• _Your assignment_: Give the listing again, word for word, and let no picture into it.

• _Extracted records_:
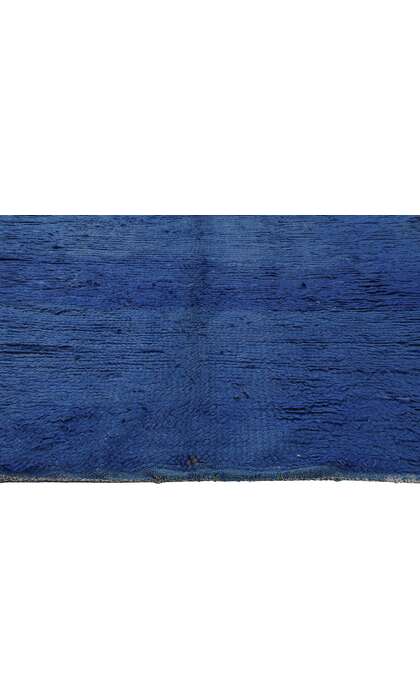 5 x 8 Vintage Blue Beni Mrirt Moroccan Rug 21773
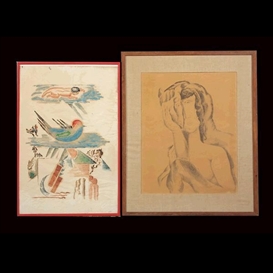 Peter Krasnow, 2 works: Stallion; Blue Bird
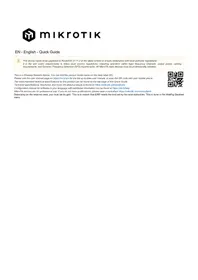 Notice Mikrotik LDF 5 AC Точка доступа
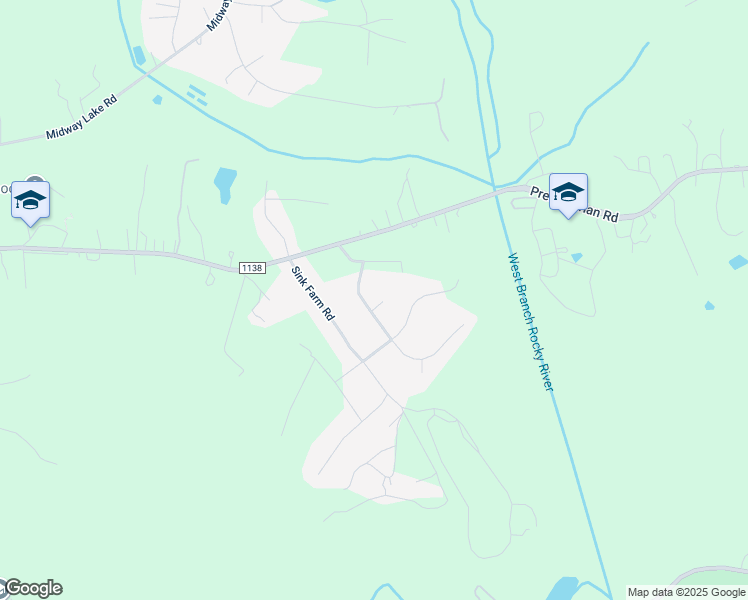 map of restaurants, bars, coffee shops, grocery stores, and more near 127 Canterbury Place Road in Mooresville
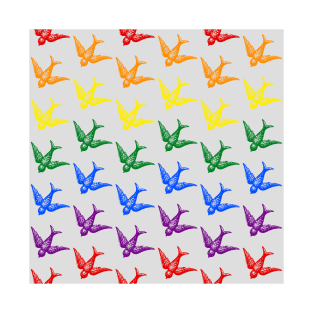 Gay Flag Bird Design T-Shirt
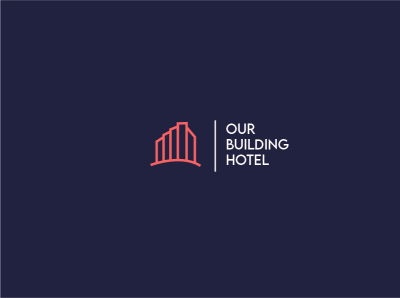 Our Building Hotel Logo Design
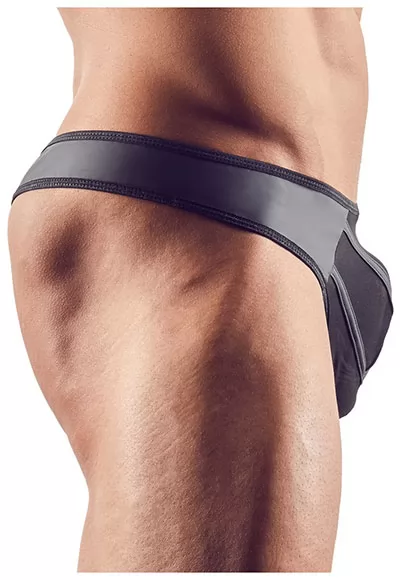 Mens powernet matte material thong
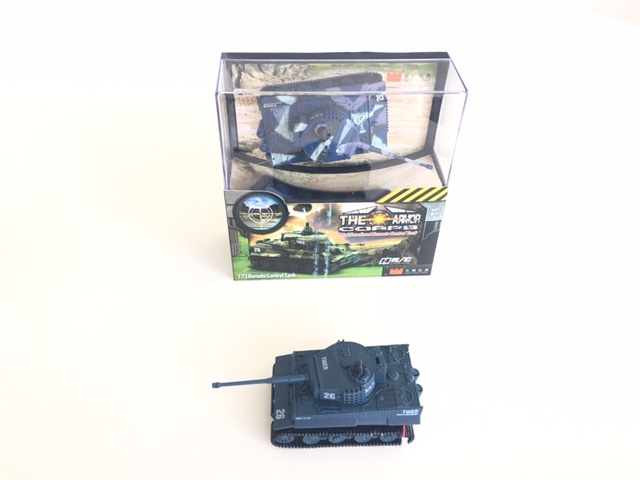 Here is the RRC Tank donor model. It is a excellent Tank for the money on ebay and comes with a 1s 100mah lipo so it is a native Lipo design and has excellent electronics suitable for scale model RRD upgrades.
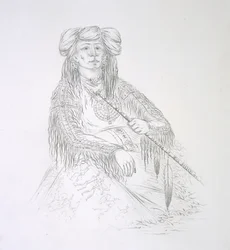 Ha-wan-je-tah (Det ene horn) 1852
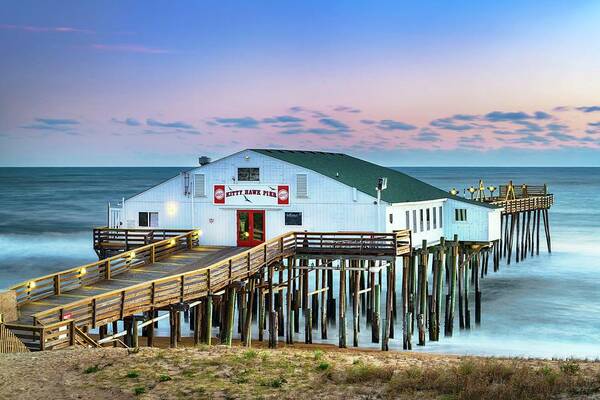 Kitty Hawk Pier, Outer Banks, Nc #1 Poster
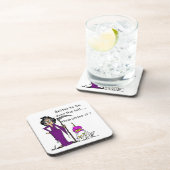 Grim Reaper Birthday Humor Onderzetter (Rechterzijde)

• _Answer for this exercise_:
 5 x 8 Vintage Blue Beni Mrirt Moroccan Rug 21773
 Peter Krasnow, 2 works: Stallion; Blue Bird
 Notice Mikrotik LDF 5 AC Точка доступа
 map of restaurants, bars, coffee shops, grocery stores, and more near 127 Canterbury Place Road in Mooresville
 Gay Flag Bird Design T-Shirt
 Our Building Hotel Logo Design
 Mens powernet matte material thong
 Here is the RRC Tank donor model. It is a excellent Tank for the money on ebay and comes with a 1s 100mah lipo so it is a native Lipo design and has excellent electronics suitable for scale model RRD upgrades.
 Ha-wan-je-tah (Det ene horn) 1852
 Kitty Hawk Pier, Outer Banks, Nc #1 Poster
 Grim Reaper Birthday Humor Onderzetter (Rechterzijde)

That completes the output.